淡路島の土生港から連絡船に乗って約15分ほどで沼島(ぬしま)に到着する。そこからさらに30分ほど歩いて港と反対側の海岸線に辿り着く。切り立った絶壁のそばに屹立している、高さ30mあまりの巨岩が上立神岩である。

記紀によると、伊弉諾尊と伊弉冉尊の両神は、天の沼矛で青海原を掻き回して引き上げたところ、矛の先からしたたり落ちた滴が固まって島が出来たという。それが“おのころ(自凝)島”である。両神はその地に降り立って夫婦の契りを結んで国産みをおこなったとされる。そして最初に出来た島が淡路島であり、そこから順次日本の島々が造られていくことになる。

伝承によると、淡路島にくっつくようにして浮かぶ沼島こそが、両神が最初に降り立った“おのころ島”であるとされている。そして上立神岩は、夫婦の契りを結んだ両神が国産みをする際に使った“天の御柱”であるとされる。両神はこの柱の周りをそれぞれ左右から回り、巡り会ったところで結び合うこととして国産みをおこなったのである。

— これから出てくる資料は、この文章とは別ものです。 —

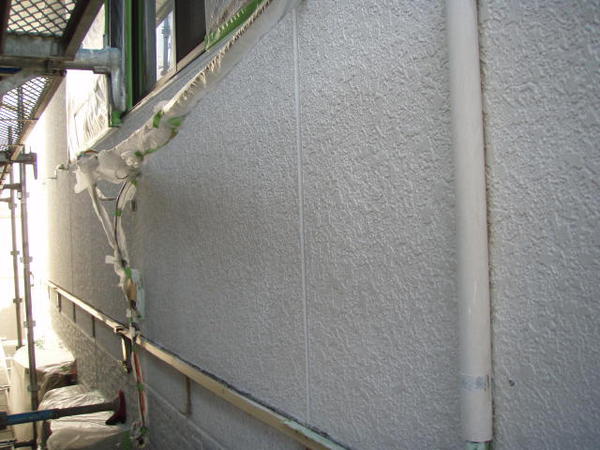 岡崎市　Y様邸　戸建　屋根塗装　外壁塗装　ｼﾘｺﾝｺｰｽ外壁塗装下塗り完了2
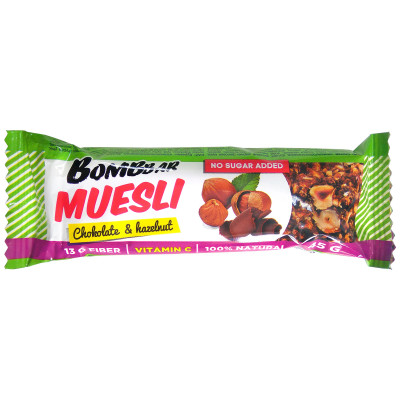 Батончик Bombbar фундук мюсли, 45г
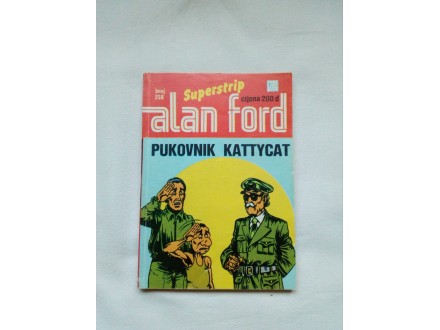 ALAN FORD br.358: Pukovnik Kattycat (feb 1987.)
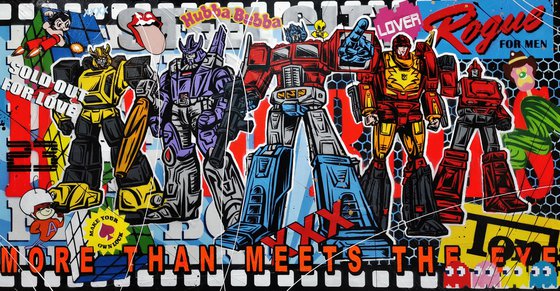 Transforming 190cm x 100cm Huge Texture Urban Pop Art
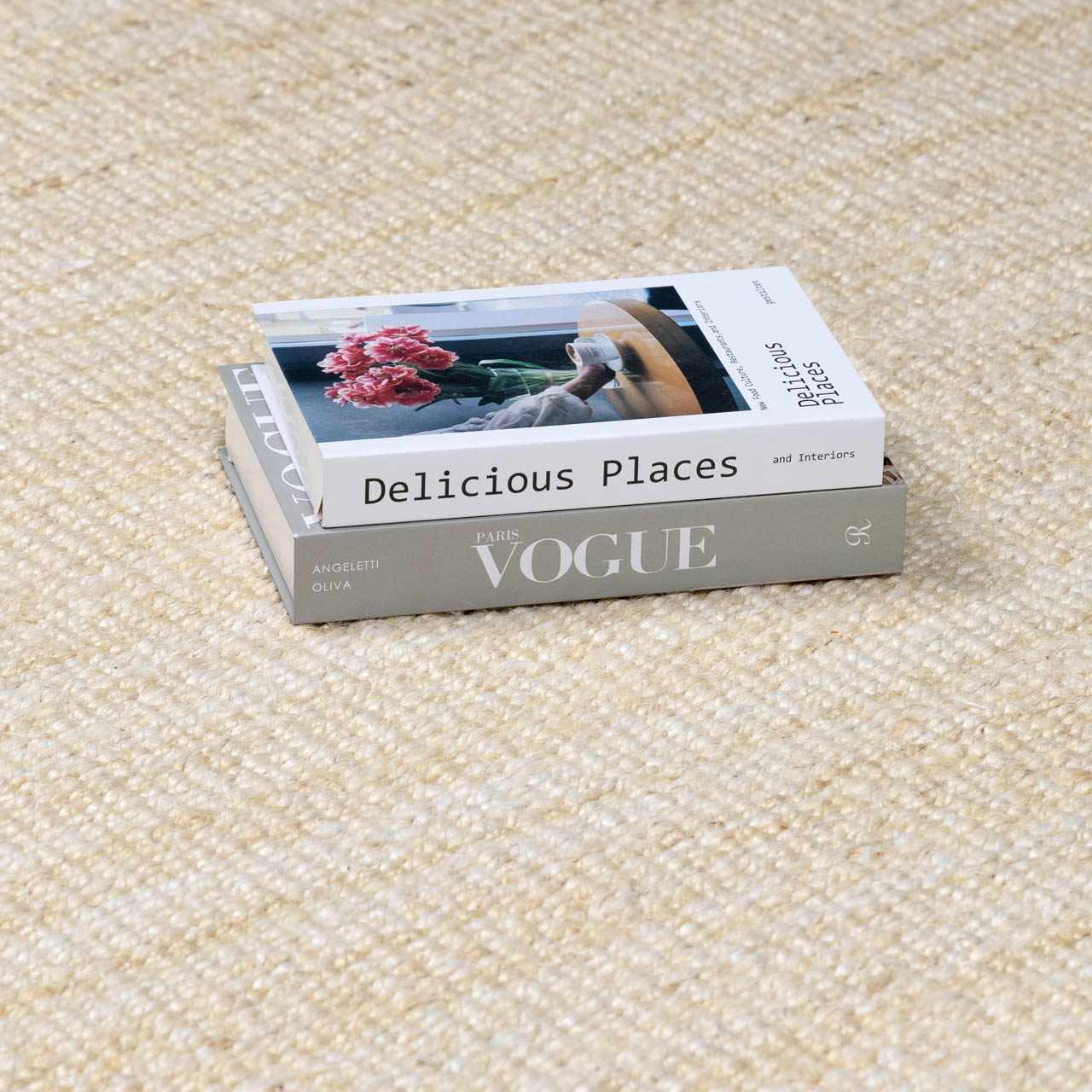 Iantha Jute Area Rug - Eco-Friendly Natural Fiber Floor Decor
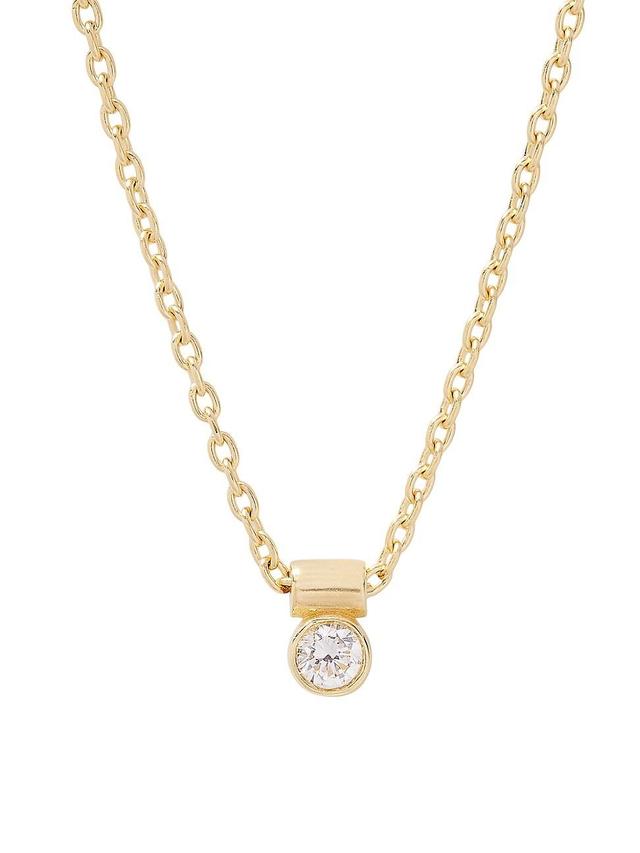 Womens Coco 14K-Yellow-Gold Vermeil & 0.05 TCW Diamond Pendant Necklace Product Image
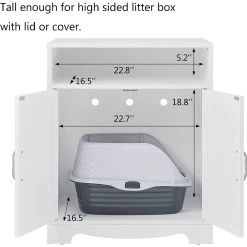 Unipaws Enclosed Cat Litter Box -Purrfect Litter Shop 263521 PT2. AC SS1800 V1607563352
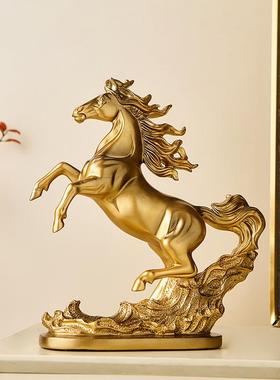 New Chinese art horse to the successful desk-placed office w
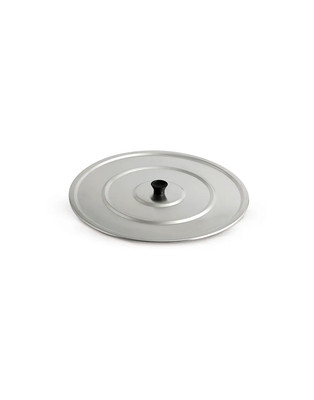 Coperchio Piano In Alluminio Per Caldaia - Diametro 34 Cm - Colore Grigio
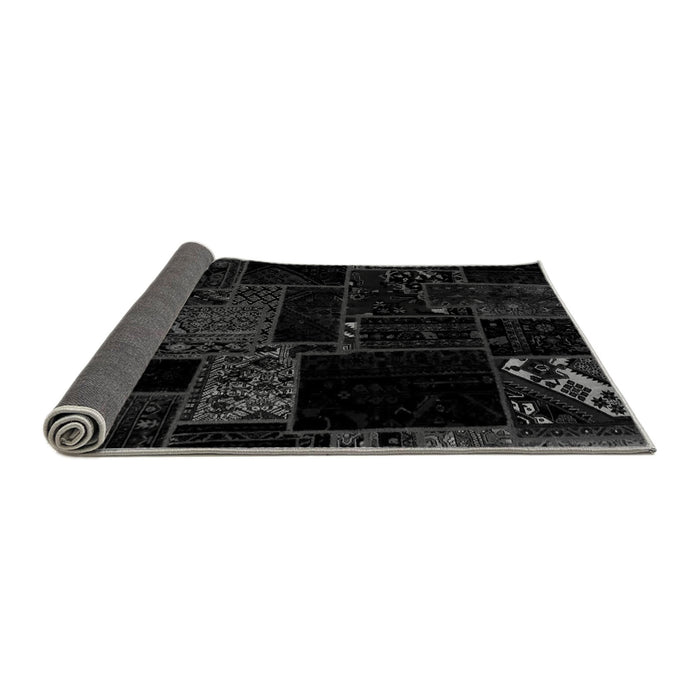Sideview of Abstract Gray Modern Rug, abs1958gry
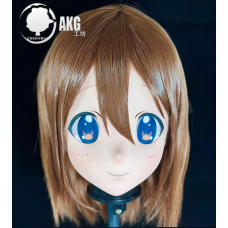 (AL72)Customize Character! Female/Girl Resin Full/Half Head With Lock Anime Cosplay Japanese Animego Kigurumi Mask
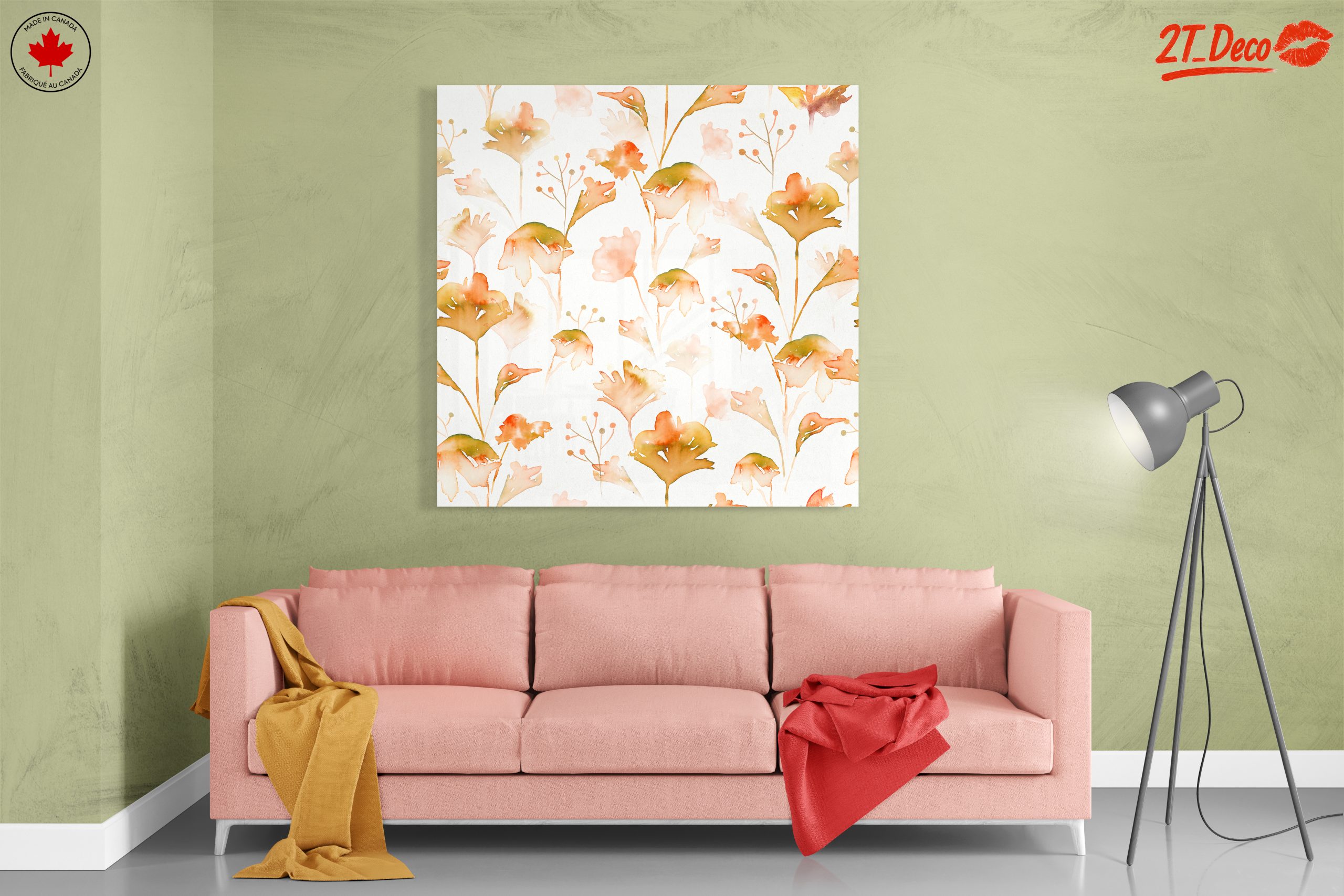Elegant Botanical Abstract Artwork 2 - Image 7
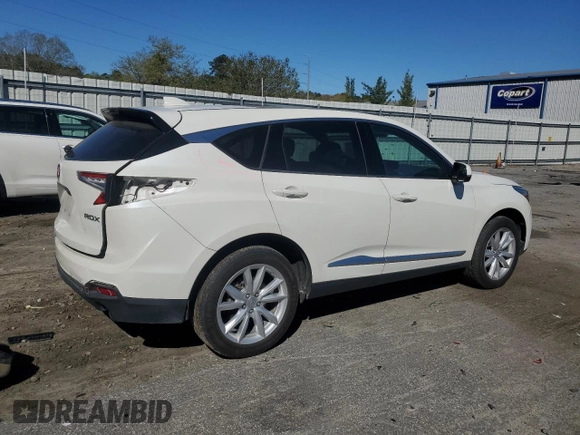 2019 Acura RDX with VIN 5J8TC1H38KL016958, listed as a Copart auction lot 49839275 with 86,734 mi miles and Salvage Title. Bid and sale history available at carsss.com. Image 3.
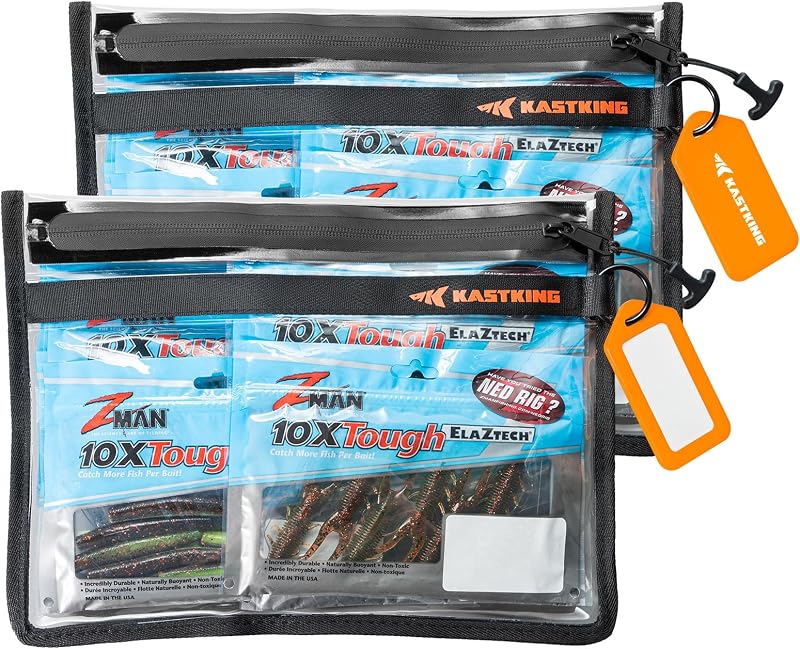 KastKing BaitShield Tackle Storage Bag, Soft Plastic Bait Storage, Large | Fishing Tackle Bag, Sealed Edges, Water-Resistant Protection, Durable & Tough Build, Large Capacity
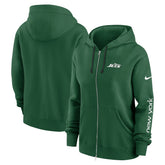 New York Jets Women's Phoenix Full-Zip Hoodie | NFL Near me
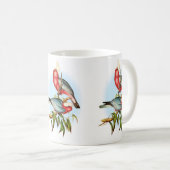 Australisches Rosa Galah Cockatoo Kaffeetasse (VorderseiteRechts)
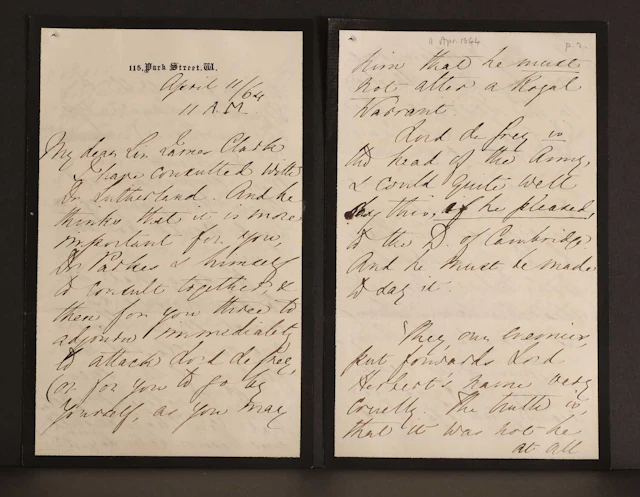 Florence NIGHTINGALE- Autograph Letter SIGNED (To Sir James Clark). 7 pages.
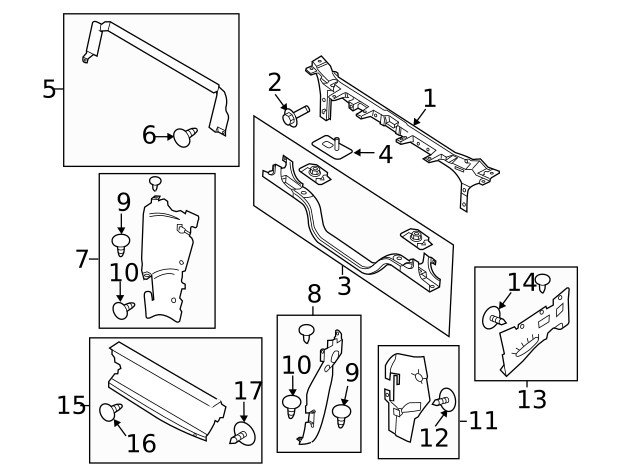 Genuine Ford Radiator Support Baffle BC3Z-8311-B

また『和漢三才図会』では竜宮城の表門にあたるとも言われている。いずれにせよ、その奇観から神秘的なものを感じるところの強い巨岩である。

<用語解説>
◆伊弉諾尊と伊弉冉尊の国産み
『古事記』によると、国産みは、伊弉冉尊の“成り合わざる処(女陰)”を伊弉諾尊の“成り余れる処(男根)”で刺して塞ぐ(性交する)ことによっておこなわれるとされる。また『日本書紀』には、最初両神が交わろうとしたがやり方が分からず、鶺鴒が頭と尾を動かす様子を見て交わり方を知ったとも書かれている。性交によって国産み、さらに神産みをおこなったことが分かる。
また初めて天の御柱を回って出会った時に、先に女性の伊弉冉尊が声を掛けてしまったために、蛭児と淡洲が生まれてしまったともされている。

◆おのころ島
おのころ島であると言われる地は沼島以外にもあり、淡路島の北端にある絵島、自凝島神社のある淡路島、淡路島の西にある家島が比定されるという。

◆『和漢三才図会』
大阪の医者であった寺島良安が編集、正徳2年(1712年)に成立する。全105巻の類書(百科事典)であり、図入りで森羅万象の事項について解説している。